Sekalipun cinta, tetap jagalah mahkota paling berharga dalam dirimu. Jangan sampai cintamu melampiaskan nafsu terlarang bahkan menjadikannya suatu kebenaran.
“Kamu masih bungkam? Tidak mau menjawab?”
“Mbak Dina s–sakit..” lirih Apia menyayat hati Dina.
Menyadari tindakan fisiknya telah keterlaluan sampai melukai Apia yang masih dalam tahap pemulihan, Dina segera melepaskan cengkraman tangannya dari lengan Apia.
Setelahnya, Dina menarik dan menghela napas sebanyak-banyak. Emosinya saat ini membuatnya buta dan menerjang apapun yang ada di hadapannya!
Tak peduli jika itu Apia—korban kecelakaan kecil beberapa jam yang lalu.
“Apa itu anak Dokter Rain?”
DEG.
Pertanyaan Dina langsung membuat Apia kepikiran dokter baik itu. Bagaimana reaksinya tatkala mengetahui Apia hamil?
‘Pasti sekarang Dokter Rain jijík sama aku. Pantesan aku enggak lihat dia ada disini. Padahal tadi aku sama dia sebelum insiden ini menimpaku. Ya Tuhan..beginikah sakitnya dicampakkan oleh teman baik? Semoga aku dan anakku senantiasa kuat kedepannya.’
Kedepannya pasti akan ada banyak lagi orang yang mencampakkannya, memandangnya sebelah mata, hingga menghujàtnya. Sehingga Apia hanya minta dikuatkan untuk menghadapi sanksi sosial itu.
“Kalau kamu diam, berarti benar bahwa anak itu merupakan anak Dokter Rain. Sebenarnya apa yang—”
“BUKAN. Ini bukan anak Dokter Rain,” sela Apia mulai menunjukkan ketegasannya seraya menahan rasa pusing yang teramat. Entah pusing karena insiden kecelakaan atau karena pikirannya mulai kacau? Apia tak tahu. Yang terpenting calon anaknya baik-baik saja.
Apia tidak ingin menyeret Dokter Rain yang tak tahu apa-apa.
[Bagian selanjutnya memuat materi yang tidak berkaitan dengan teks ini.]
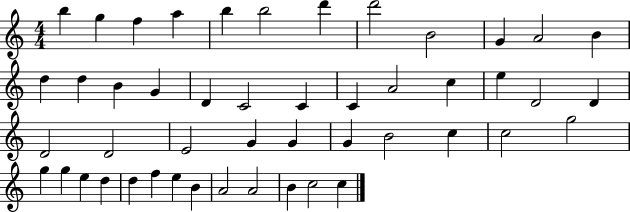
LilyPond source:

{
  \clef treble
  \numericTimeSignature
  \time 4/4
  \key c \major
  b''4 g''4 f''4 a''4 | b''4 b''2 d'''4 | d'''2 b'2 | g'4 a'2 b'4 | \break d''4 d''4 b'4 g'4 | d'4 c'2 c'4 | c'4 a'2 c''4 | e''4 d'2 d'4 | \break d'2 d'2 | e'2 g'4 g'4 | g'4 b'2 c''4 | c''2 g''2 | \break g''4 g''4 e''4 d''4 | d''4 f''4 e''4 b'4 | a'2 a'2 | b'4 c''2 c''4 | \break \bar "|."
}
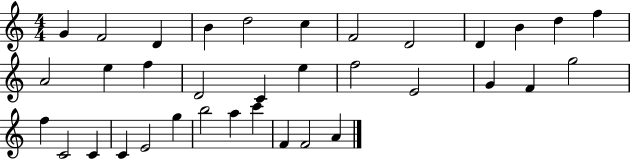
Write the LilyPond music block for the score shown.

{
  \clef treble
  \numericTimeSignature
  \time 4/4
  \key c \major
  g'4 f'2 d'4 | b'4 d''2 c''4 | f'2 d'2 | d'4 b'4 d''4 f''4 | \break a'2 e''4 f''4 | d'2 c'4 e''4 | f''2 e'2 | g'4 f'4 g''2 | \break f''4 c'2 c'4 | c'4 e'2 g''4 | b''2 a''4 c'''4 | f'4 f'2 a'4 | \break \bar "|."
}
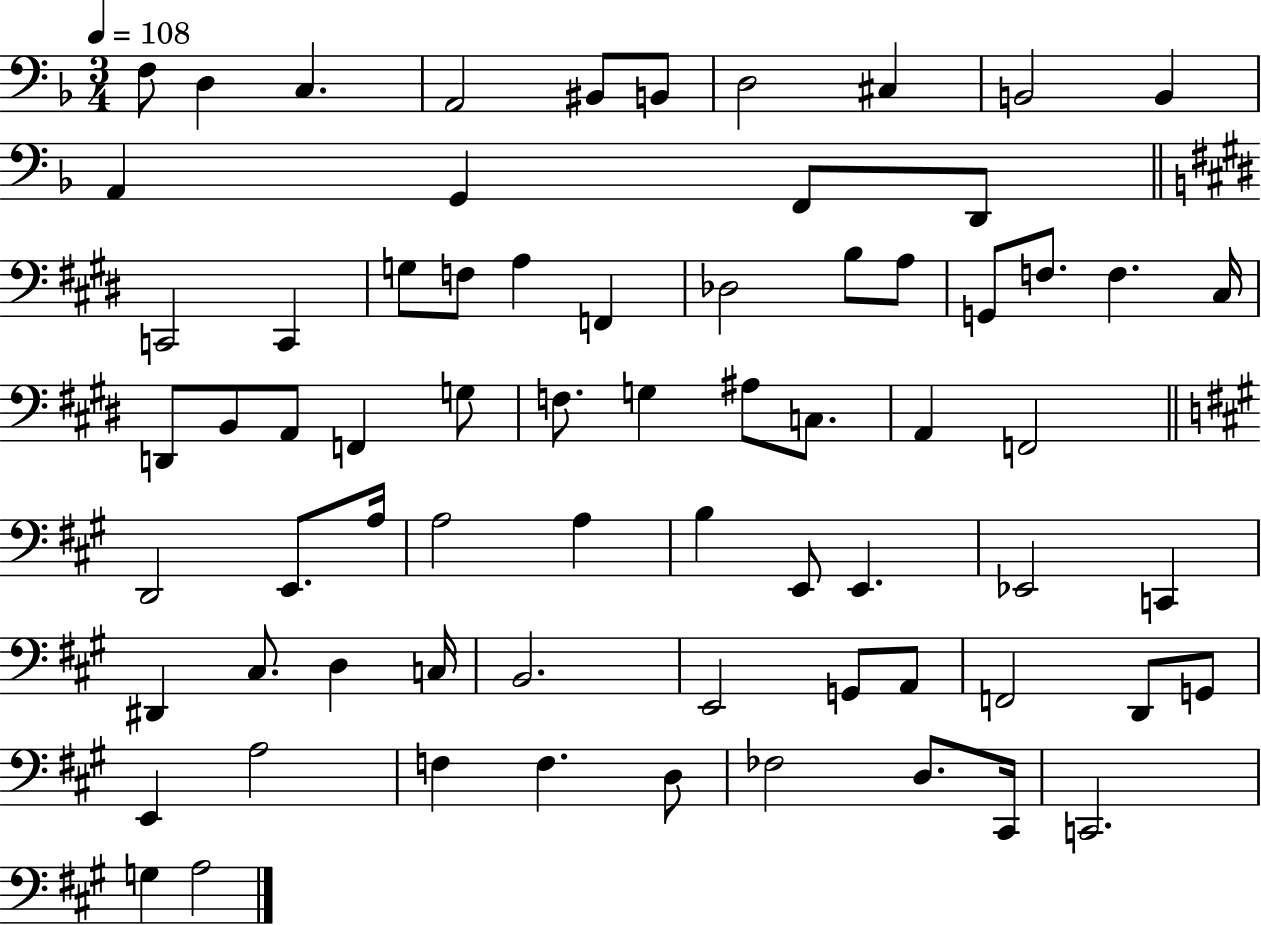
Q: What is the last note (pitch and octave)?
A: A3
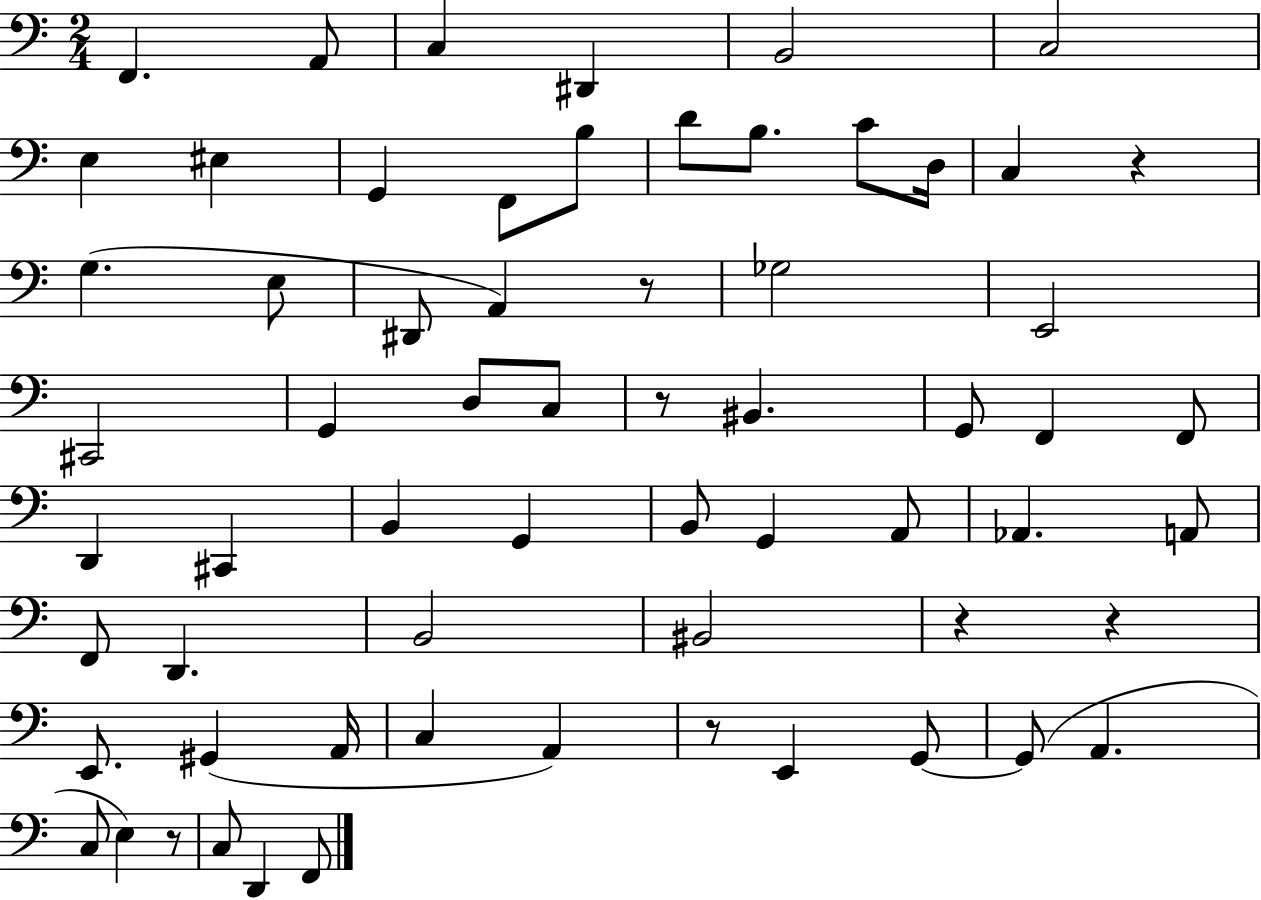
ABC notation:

X:1
T:Untitled
M:2/4
L:1/4
K:C
F,, A,,/2 C, ^D,, B,,2 C,2 E, ^E, G,, F,,/2 B,/2 D/2 B,/2 C/2 D,/4 C, z G, E,/2 ^D,,/2 A,, z/2 _G,2 E,,2 ^C,,2 G,, D,/2 C,/2 z/2 ^B,, G,,/2 F,, F,,/2 D,, ^C,, B,, G,, B,,/2 G,, A,,/2 _A,, A,,/2 F,,/2 D,, B,,2 ^B,,2 z z E,,/2 ^G,, A,,/4 C, A,, z/2 E,, G,,/2 G,,/2 A,, C,/2 E, z/2 C,/2 D,, F,,/2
Selain itu, memang faktanya anak yang dikandungnya ini bukanlah anak Dokter Rain.
Siapa sebenarnya orang yang tega membuat berita tak masuk akal ini!?
Mereka saja baru kenal hitungan minggu!
Oh astaga..Apia semakin malu dan merasa tak enak hati pada dokter baik yang berstatus temannya itu.
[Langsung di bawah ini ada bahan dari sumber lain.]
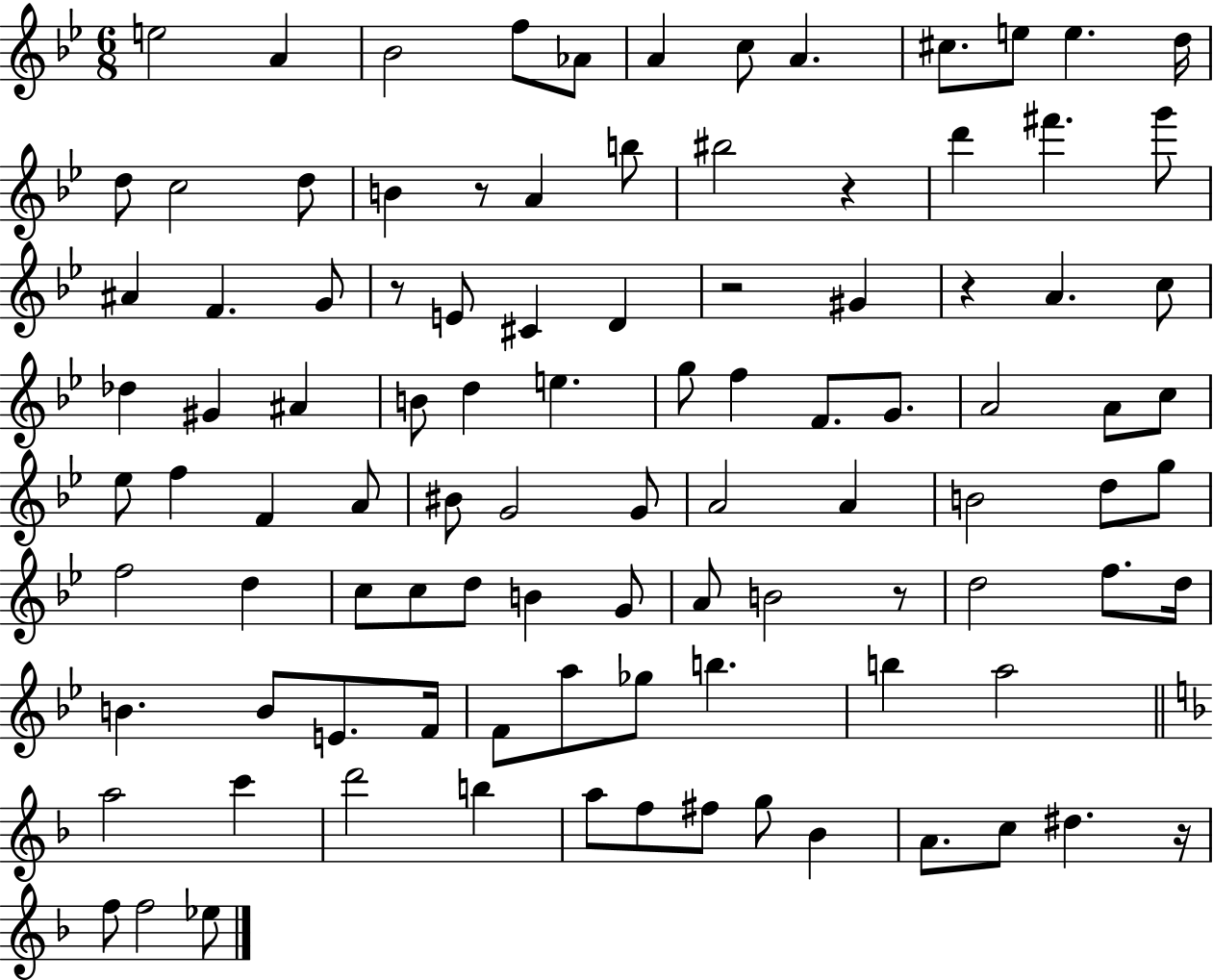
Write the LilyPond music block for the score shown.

{
  \clef treble
  \numericTimeSignature
  \time 6/8
  \key bes \major
  e''2 a'4 | bes'2 f''8 aes'8 | a'4 c''8 a'4. | cis''8. e''8 e''4. d''16 | \break d''8 c''2 d''8 | b'4 r8 a'4 b''8 | bis''2 r4 | d'''4 fis'''4. g'''8 | \break ais'4 f'4. g'8 | r8 e'8 cis'4 d'4 | r2 gis'4 | r4 a'4. c''8 | \break des''4 gis'4 ais'4 | b'8 d''4 e''4. | g''8 f''4 f'8. g'8. | a'2 a'8 c''8 | \break ees''8 f''4 f'4 a'8 | bis'8 g'2 g'8 | a'2 a'4 | b'2 d''8 g''8 | \break f''2 d''4 | c''8 c''8 d''8 b'4 g'8 | a'8 b'2 r8 | d''2 f''8. d''16 | \break b'4. b'8 e'8. f'16 | f'8 a''8 ges''8 b''4. | b''4 a''2 | \bar "||" \break \key f \major a''2 c'''4 | d'''2 b''4 | a''8 f''8 fis''8 g''8 bes'4 | a'8. c''8 dis''4. r16 | \break f''8 f''2 ees''8 | \bar "|."
}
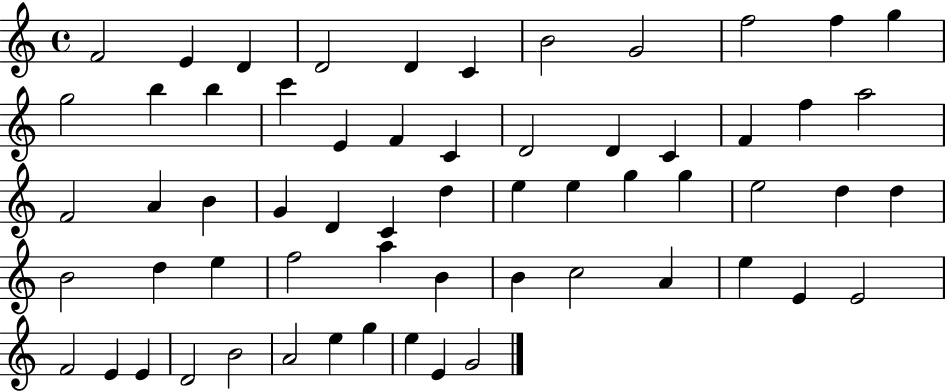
{
  \clef treble
  \time 4/4
  \defaultTimeSignature
  \key c \major
  f'2 e'4 d'4 | d'2 d'4 c'4 | b'2 g'2 | f''2 f''4 g''4 | \break g''2 b''4 b''4 | c'''4 e'4 f'4 c'4 | d'2 d'4 c'4 | f'4 f''4 a''2 | \break f'2 a'4 b'4 | g'4 d'4 c'4 d''4 | e''4 e''4 g''4 g''4 | e''2 d''4 d''4 | \break b'2 d''4 e''4 | f''2 a''4 b'4 | b'4 c''2 a'4 | e''4 e'4 e'2 | \break f'2 e'4 e'4 | d'2 b'2 | a'2 e''4 g''4 | e''4 e'4 g'2 | \break \bar "|."
}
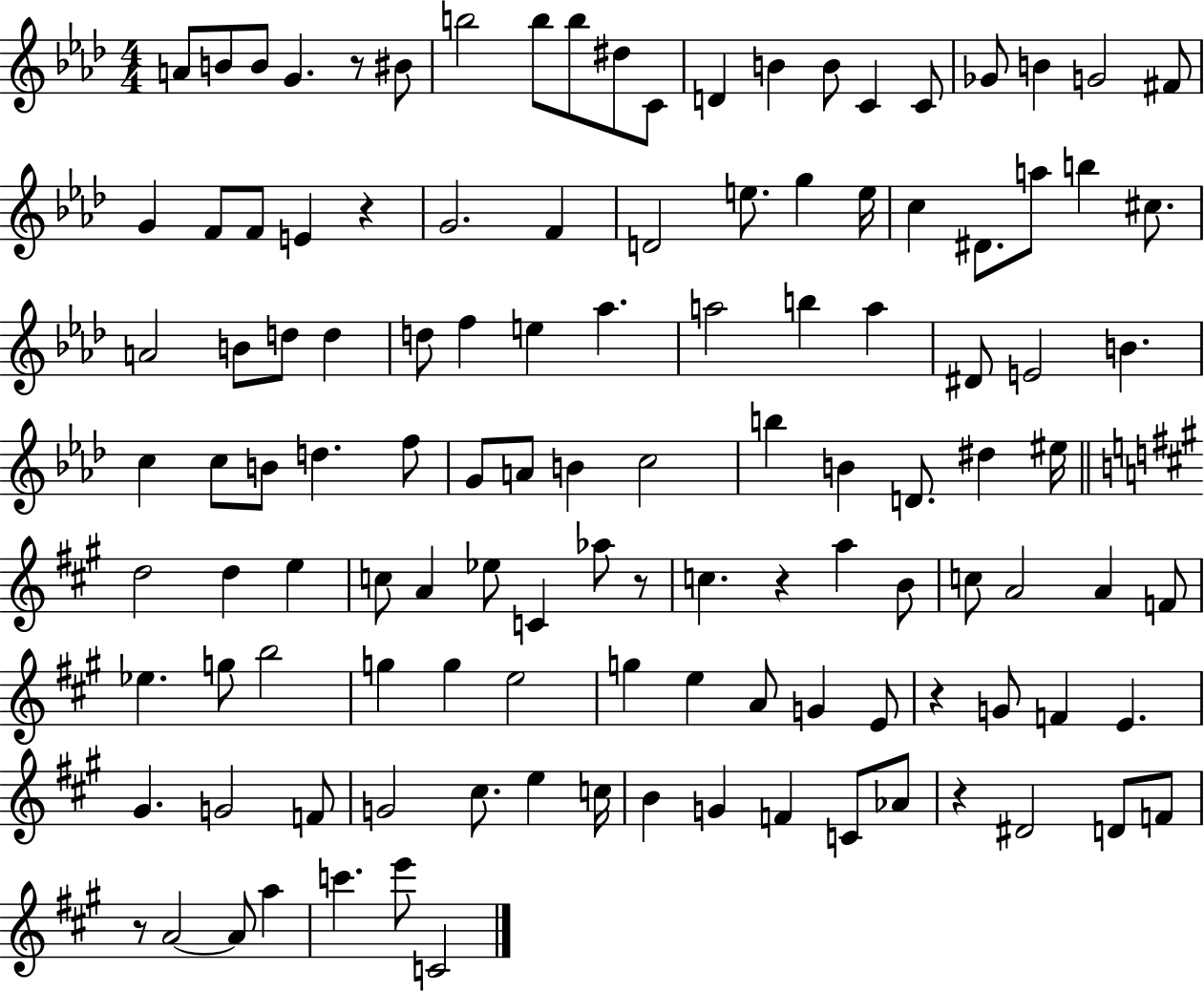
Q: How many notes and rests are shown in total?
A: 119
“Lalu anak siapa, Pia!? Kamu harus jujur atau semua orang semakin yakin bahwa anak itu merupakan anak Dokter Rain! Apa yang nanti akan dilakukan oleh keluarga kaya raya itu, hah? Apa kamu tidak berpikir sampai sana? Jika sebatas dipecat dari pekerjaanmu, sudah barang tentu. Tapi jika mereka sampai mengancámmu, melukaimu, bagaimana? Saya mengkhawatirkanmu, Apia.”
“Itu tidak akan terjadi, Mbak Dina. Setelah ini saya akan pergi jauh.”
“Terserah! Yang jelas beritahu saya dulu siapa ayah dari anak itu, Apia! Dengan begitu setidaknya saya bisa membelamu dan membenarkan berita yang telah tersebar luas!” Dina mulai hilang kesabaran. Tapi juga sempat merasa lega mengetahui anak yang tengah dikandung Apia bukanlah anak Dokter Rain.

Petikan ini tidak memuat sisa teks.